Available regions
| Code | Location | Recommended use case |
|---|---|---|
FRA | Frankfurt, Germany | European users with EU data residency requirements |
PAR | Paris, France | European users; low-carbon region on the AWS European Sovereign Cloud |
LON | London, United Kingdom | UK and Western Europe |
SGP | Singapore | Southeast Asia and APAC |
JPN | Japan | Japan and Northeast Asia |
SYD | Sydney, Australia | Australia and Oceania |
SFO | San Francisco, United States | US West Coast and Pacific |
NYC | New York, United States | US East Coast and global default |
SAO | São Paulo, Brazil | South America and Latin America |
Choosing a region
Minimize latency for your users. A search that takes 5 ms to execute on the server can feel instant or sluggish depending on whether the user is 10 ms or 200 ms away. Choose the region closest to the majority of your users. Consider data residency requirements. If your application handles personal data subject to GDPR or other regional regulations, ensure your project is hosted in a compliant region.FRA and PAR are located in the EU, while LON is located in the UK. For workloads with strict European data sovereignty requirements, PAR runs on the AWS European Sovereign Cloud.

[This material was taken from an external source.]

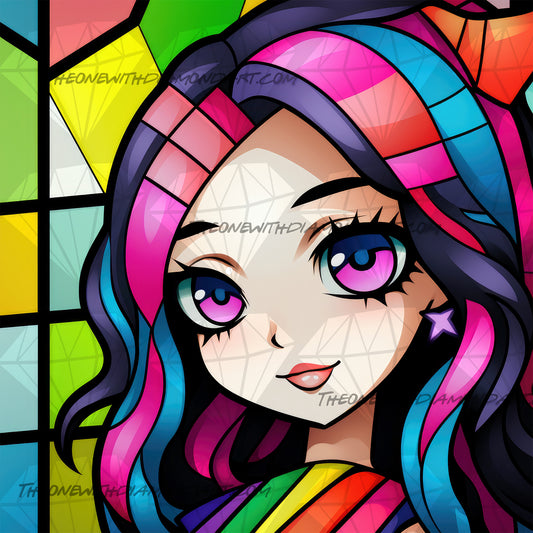 Rainbow Mademoiselle ©Laura @cocomarshmallow_art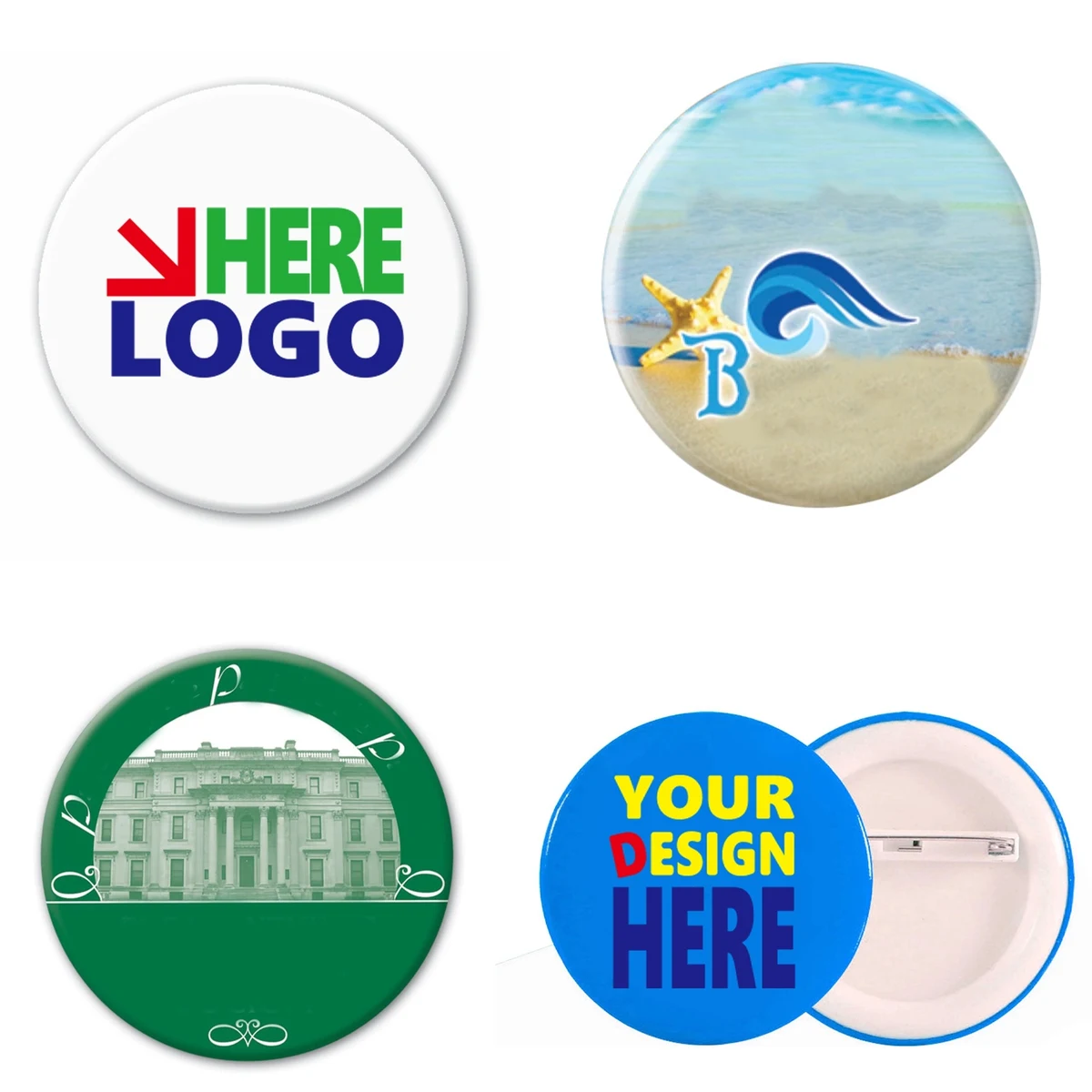 1.2" Round Plastic Custom Buttons 1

Minimize your carbon footprint. Regions differ in the carbon intensity of their local power grid. PAR is a low-carbon region thanks to France’s largely low-emission electricity mix. See carbon footprint for more on how region choice affects emissions.
Plan for multiple regions if you have a global audience. You can create separate projects per region and route search traffic to the nearest instance from your application layer. Each project accrues its own charges, billed together at the team or organization level.